* [Assigned task] Could you copy every record below exactly, leaving out the pictures?

Captioned web images:
----------
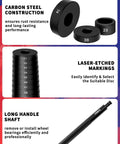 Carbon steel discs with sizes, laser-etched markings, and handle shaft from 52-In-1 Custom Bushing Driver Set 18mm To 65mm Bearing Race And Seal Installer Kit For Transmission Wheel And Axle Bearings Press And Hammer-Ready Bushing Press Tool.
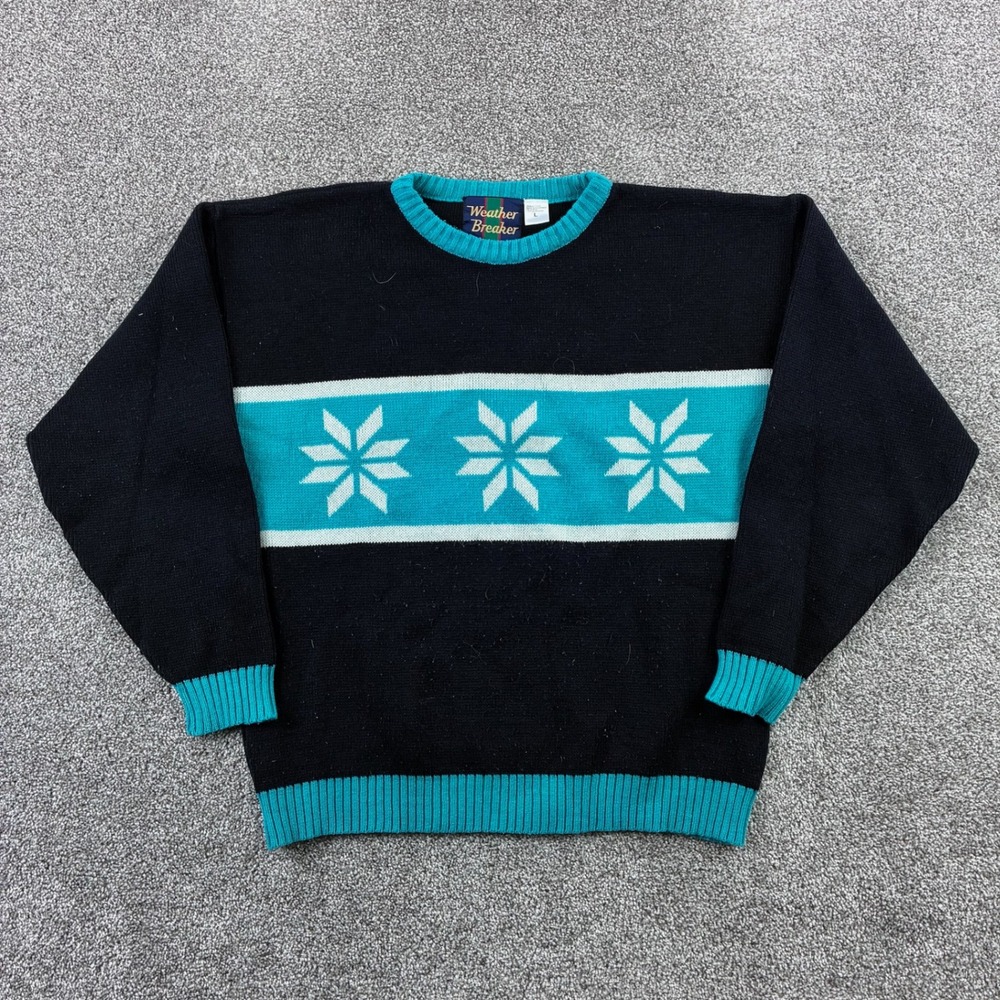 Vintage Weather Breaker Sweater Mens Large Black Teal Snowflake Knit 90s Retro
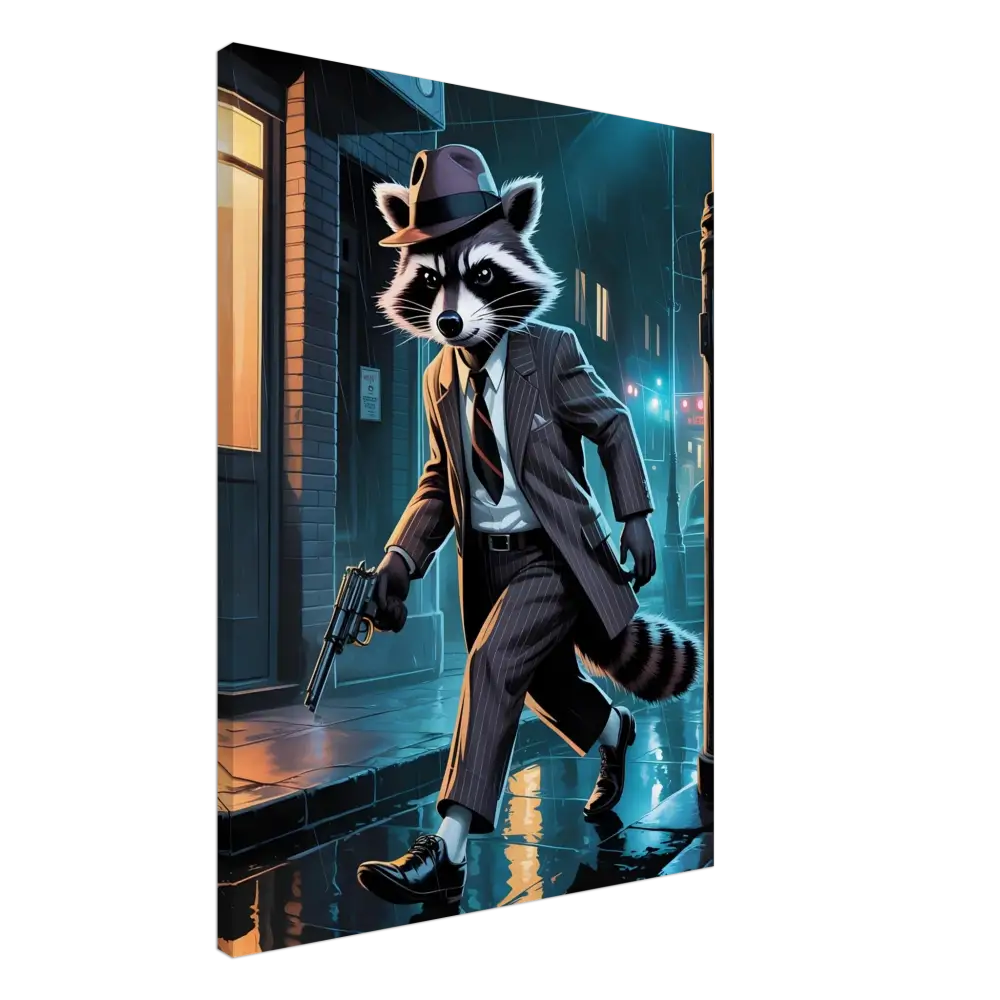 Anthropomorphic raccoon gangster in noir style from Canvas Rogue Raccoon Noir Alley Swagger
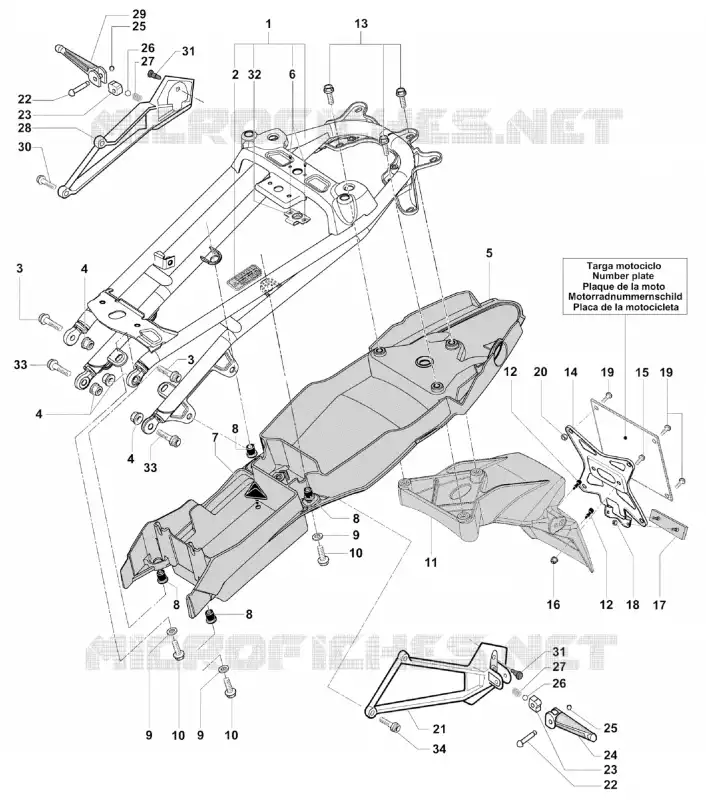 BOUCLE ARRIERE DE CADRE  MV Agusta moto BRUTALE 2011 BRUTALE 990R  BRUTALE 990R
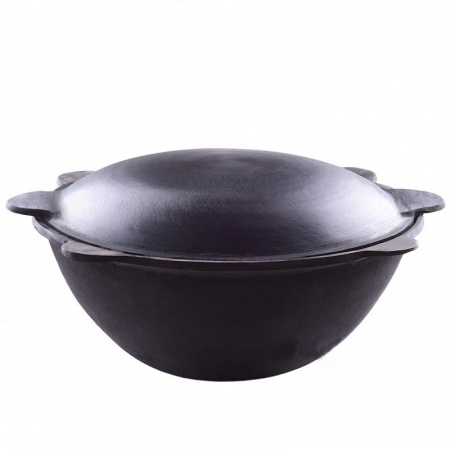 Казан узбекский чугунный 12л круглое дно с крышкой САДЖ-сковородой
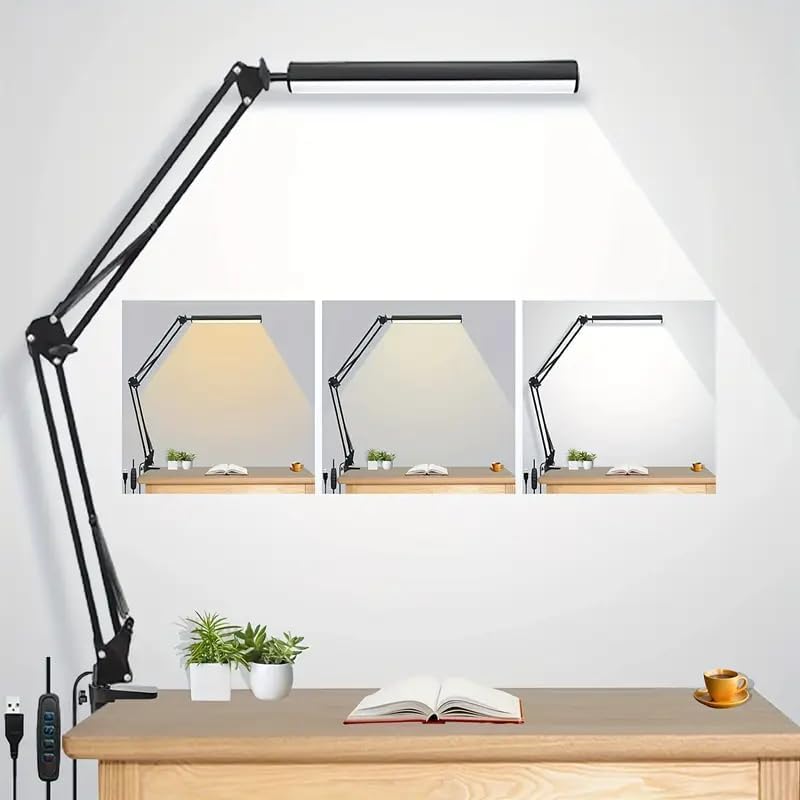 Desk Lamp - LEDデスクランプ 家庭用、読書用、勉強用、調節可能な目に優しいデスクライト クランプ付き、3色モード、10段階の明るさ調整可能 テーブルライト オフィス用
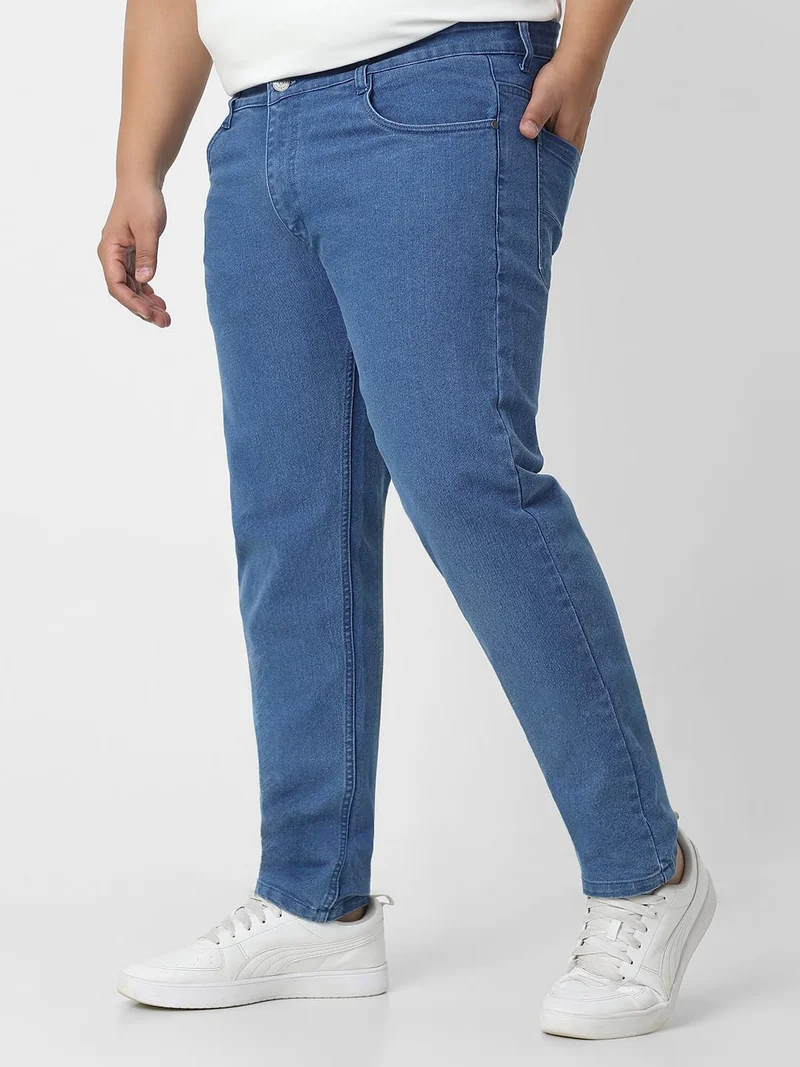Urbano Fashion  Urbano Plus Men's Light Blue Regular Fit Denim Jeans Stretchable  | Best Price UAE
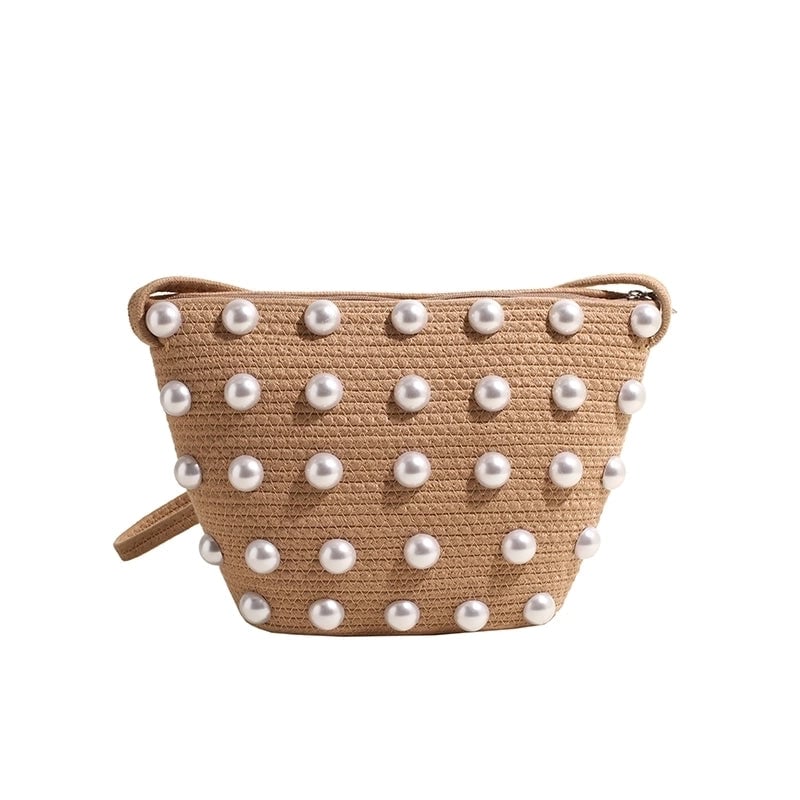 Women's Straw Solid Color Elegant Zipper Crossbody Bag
----------
* [Written solution]
 Carbon steel discs with sizes, laser-etched markings, and handle shaft from 52-In-1 Custom Bushing Driver Set 18mm To 65mm Bearing Race And Seal Installer Kit For Transmission Wheel And Axle Bearings Press And Hammer-Ready Bushing Press Tool.
 Vintage Weather Breaker Sweater Mens Large Black Teal Snowflake Knit 90s Retro
 Anthropomorphic raccoon gangster in noir style from Canvas Rogue Raccoon Noir Alley Swagger
 BOUCLE ARRIERE DE CADRE  MV Agusta moto BRUTALE 2011 BRUTALE 990R  BRUTALE 990R
 Казан узбекский чугунный 12л круглое дно с крышкой САДЖ-сковородой
 Desk Lamp - LEDデスクランプ 家庭用、読書用、勉強用、調節可能な目に優しいデスクライト クランプ付き、3色モード、10段階の明るさ調整可能 テーブルライト オフィス用
Urbano Fashion  Urbano Plus Men's Light Blue Regular Fit Denim Jeans Stretchable  | Best Price UAE
 Women's Straw Solid Color Elegant Zipper Crossbody Bag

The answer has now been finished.